Donnerstag, 28. Februar 2013


Die Babys stürmen die Schule


Der Unterricht, er ist und bleibt anstrengend. Denn es ist gar nicht mal so einfach, in die Köpfe der Schüler hineinzuschauen. Da plant man etwas, von dem man denkt, es könnte reichen, um die dreißig Minuten Förderunterricht zu füllen und die Schüler sinnvoll zu beschäftigen. Bei der ersten Klasse scheint es, als sei man erfolgreich gewesen. Und dann kommt das böse Erwachen. Das kommt eigentlich sowieso immer, wenn ich mit den Schülern kein Spiel spiele a là Fußball oder Badminton.
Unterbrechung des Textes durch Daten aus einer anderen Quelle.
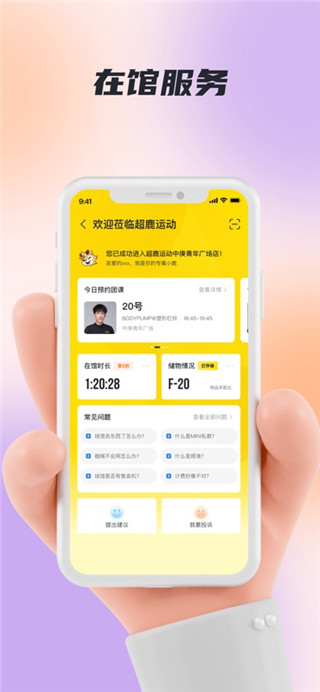 超鹿运动手机版
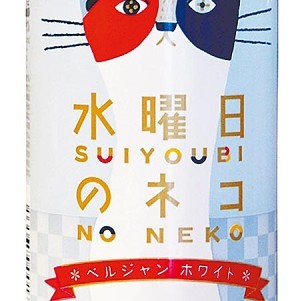 白啤酒水曜日貓咪一箱24瓶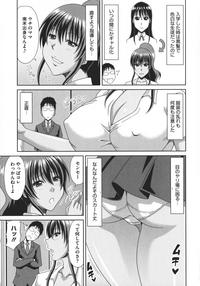 Chounyuusai 6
Wenn die erste Frage „Sir ji, Game play?“ verneint wurde, ist die Motivation der Schüler in der Regel hinfällig. Da ich aber sowieso fast immer spielerische Elemente einbaue, gelingt es mir manchmal noch, den Unterrichtsinhalt als Spiel zu verkaufen. Doch wer gerade einmal ein paar Sekunden lang nicht beschäftigt ist oder die Lust verloren hat, macht sich auf der Suche nach einer besseren Beschäftigung im Klassenzimmer – und bei fehlenden Alternativen auf den Weg nach draußen.

So geht es bisweilen zu in meinem Unterricht.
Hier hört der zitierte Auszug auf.